▸ Task directions:
No pictures, no extra lines: copy exactly from the line with "Thumbnail 3 in" through the end of the entries.

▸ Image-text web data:
□ □ □ □
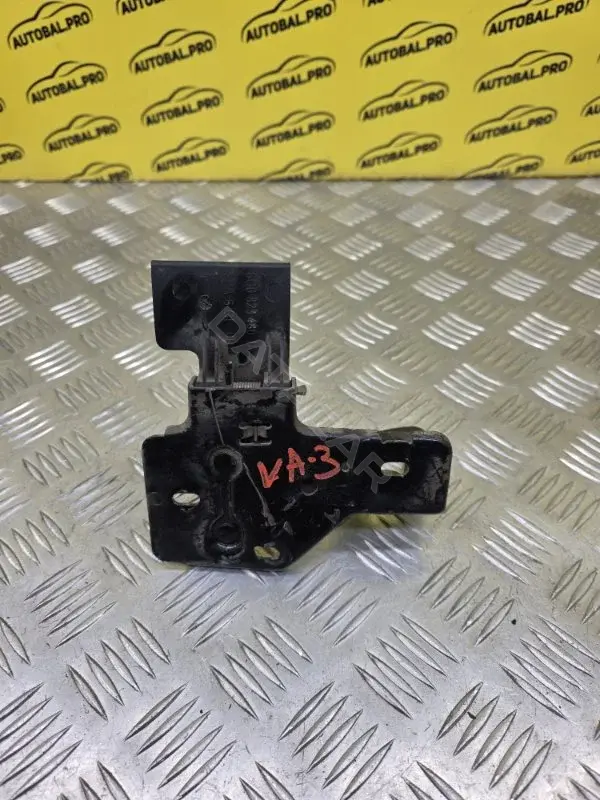Замок капота 6Q0823480D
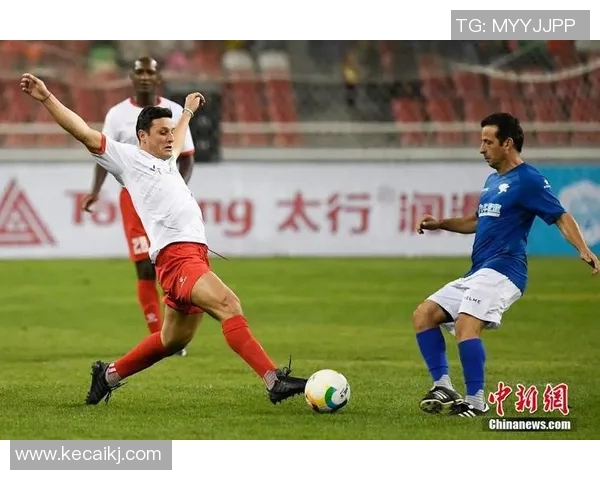 全球足坛风云人物揭秘当今最受欢迎的足球明星与他们的传奇故事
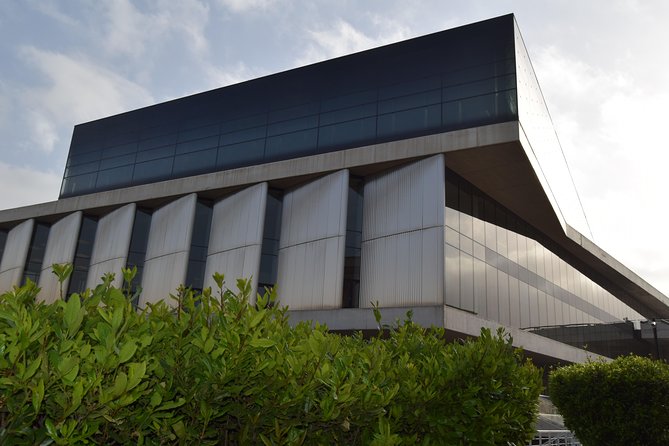 Acropolis & Acropolis Museum Group tour in German or Dutch - Price and logistics: what you pay, what you still need to budget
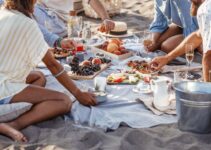 How to Plan the Perfect Lobster Picnic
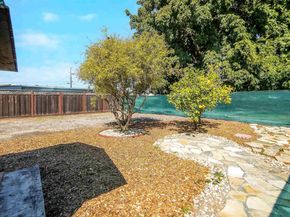 10060 Bernhardt Dr, Oakland CA 94603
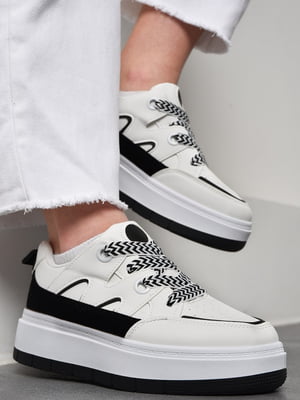 Кросівки чорно-бiлого кольору на шнурівці  | 6835390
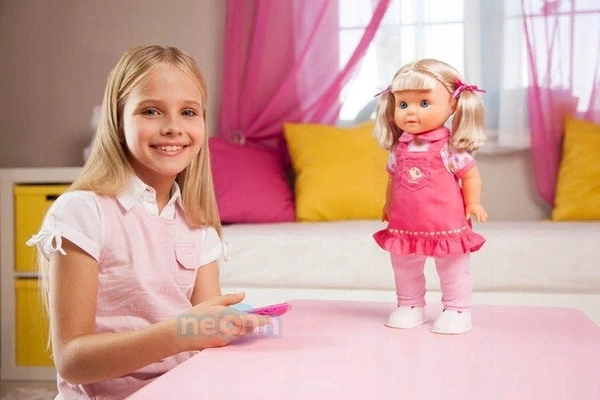 Natalia ze smartfonem lalka chodząca chodzi śpiewa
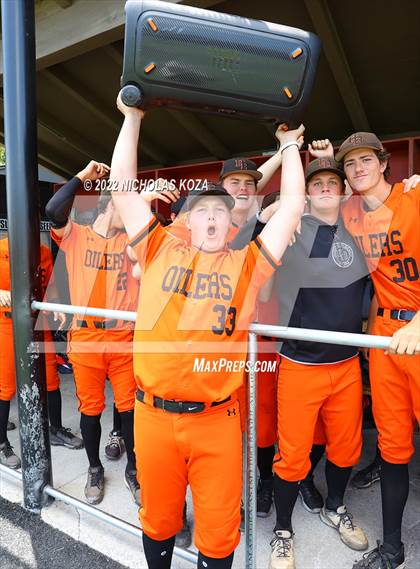 Thumbnail 3 in Huntington Beach vs. JSerra Catholic (CIF SoCal Regional D1 Final) photogallery.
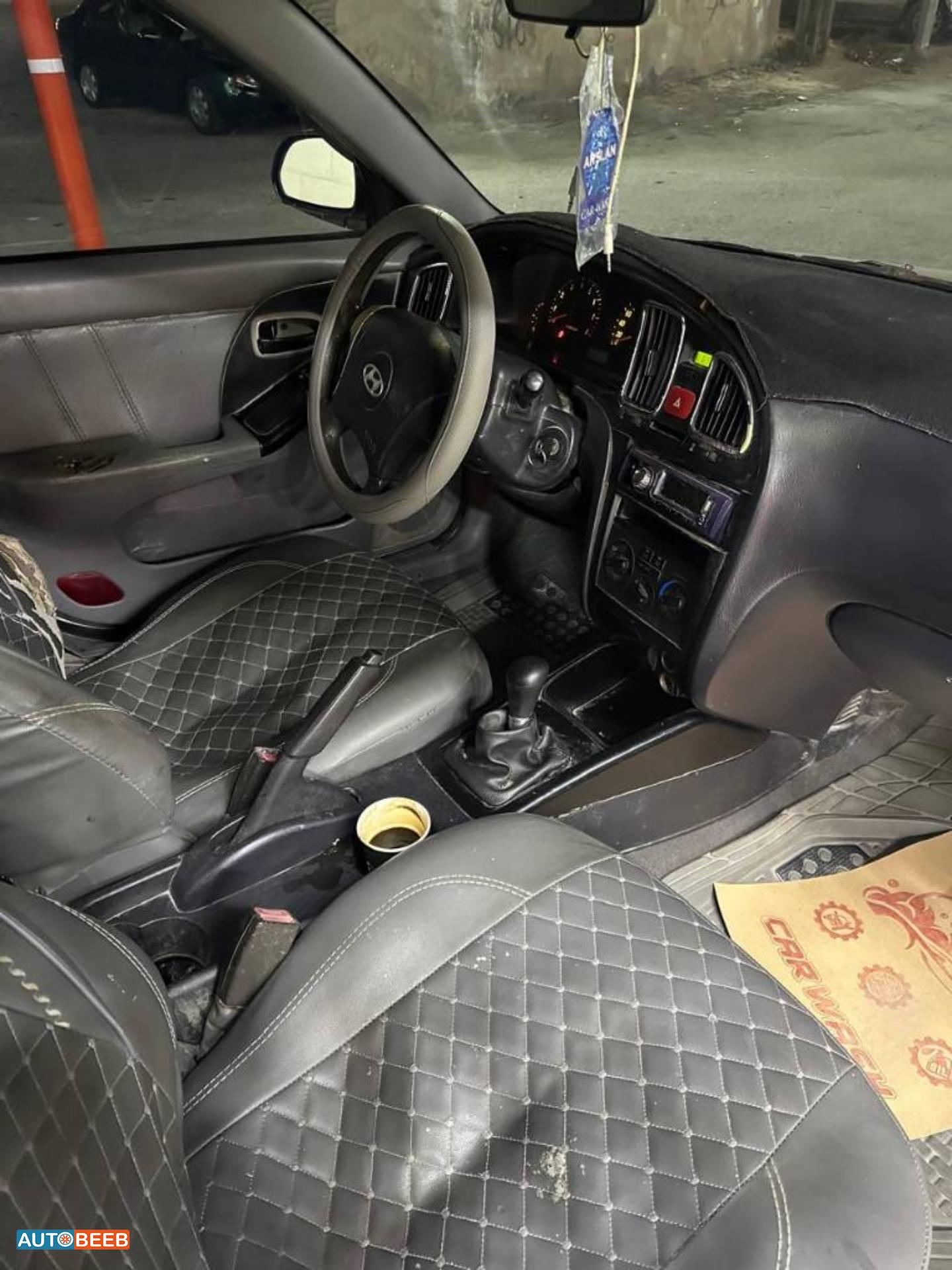 هيونداي النترا 2004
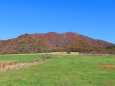 秋進む山 32 牧場と紅葉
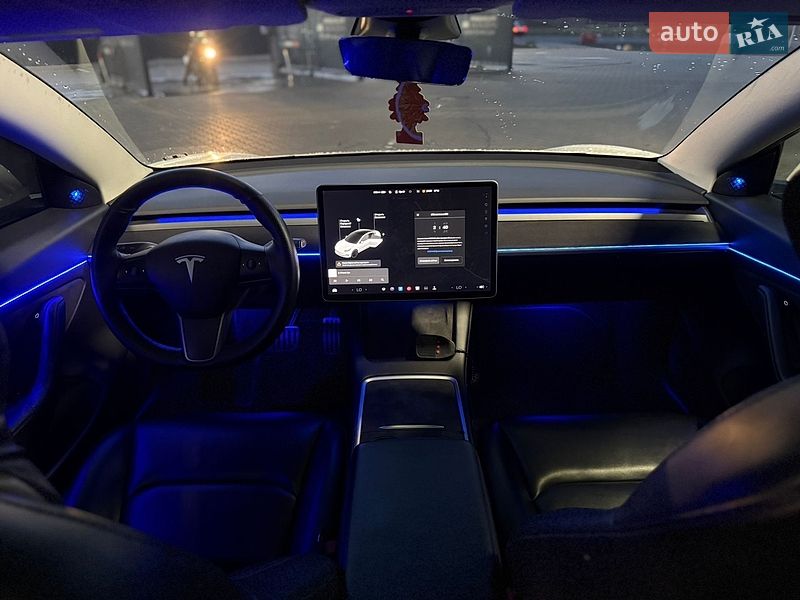 Седан Tesla Model 3 2020 в Луцке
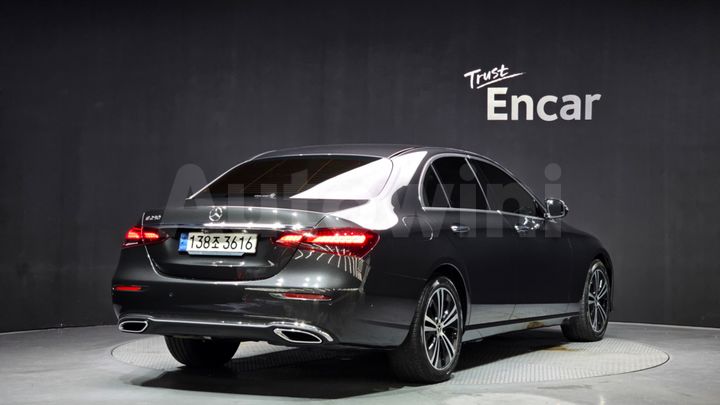 Mercedes-Benz E Class 2021 — 2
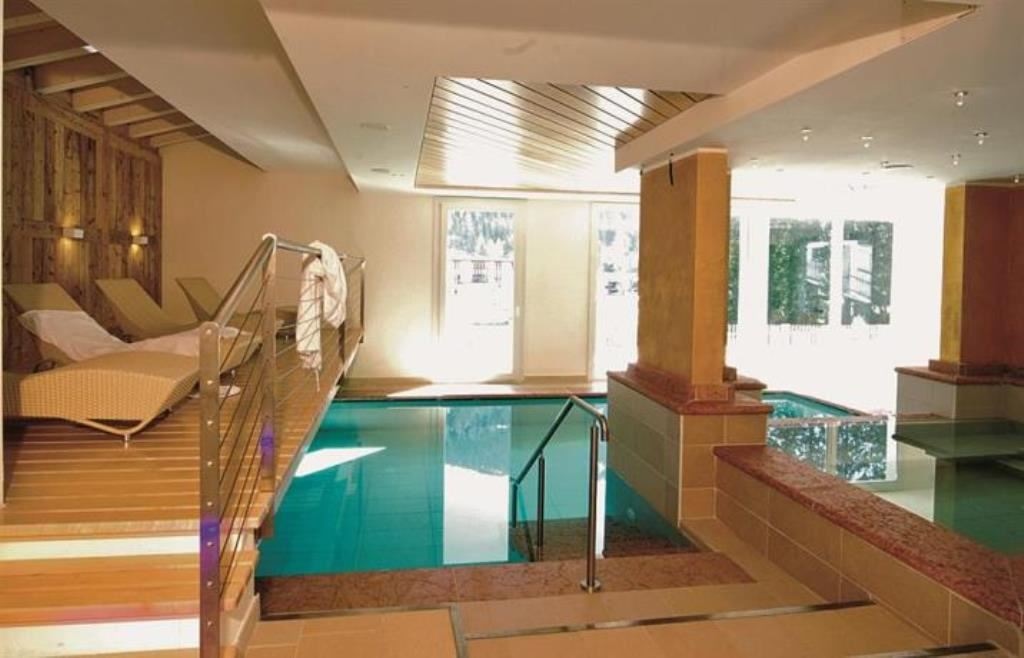 pools-indoor-pool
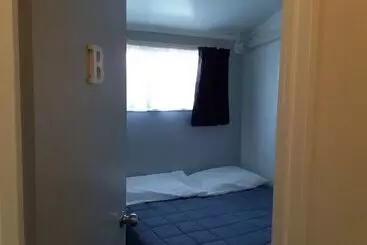 Microtel Lodge Hamilton Hostel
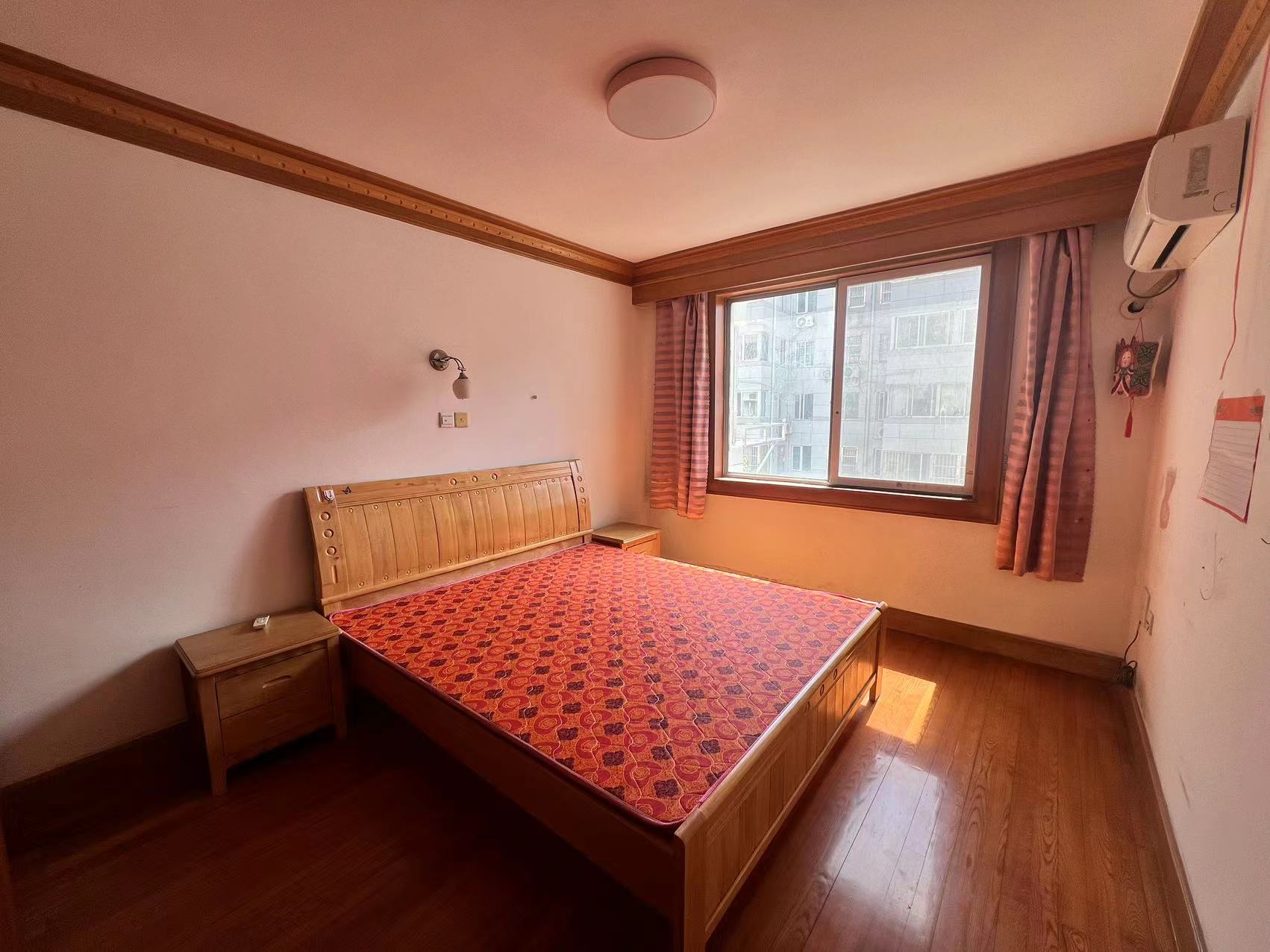 北濠桥东村 2室1厅1卫 77m²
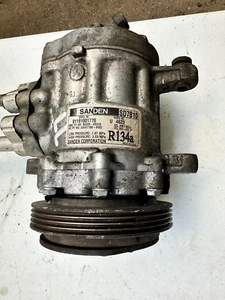 95-98 GEO TRACKER SUZUKI SIDEKICK A/C COMPRESSOR - Picture 1 of 2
□ □ □ □
▸ Answer box:
 Thumbnail 3 in Huntington Beach vs. JSerra Catholic (CIF SoCal Regional D1 Final) photogallery.
 هيونداي النترا 2004
 秋進む山 32 牧場と紅葉
 Седан Tesla Model 3 2020 в Луцке
 Mercedes-Benz E Class 2021 — 2
 pools-indoor-pool
 Microtel Lodge Hamilton Hostel
 北濠桥东村 2室1厅1卫 77m²
 95-98 GEO TRACKER SUZUKI SIDEKICK A/C COMPRESSOR - Picture 1 of 2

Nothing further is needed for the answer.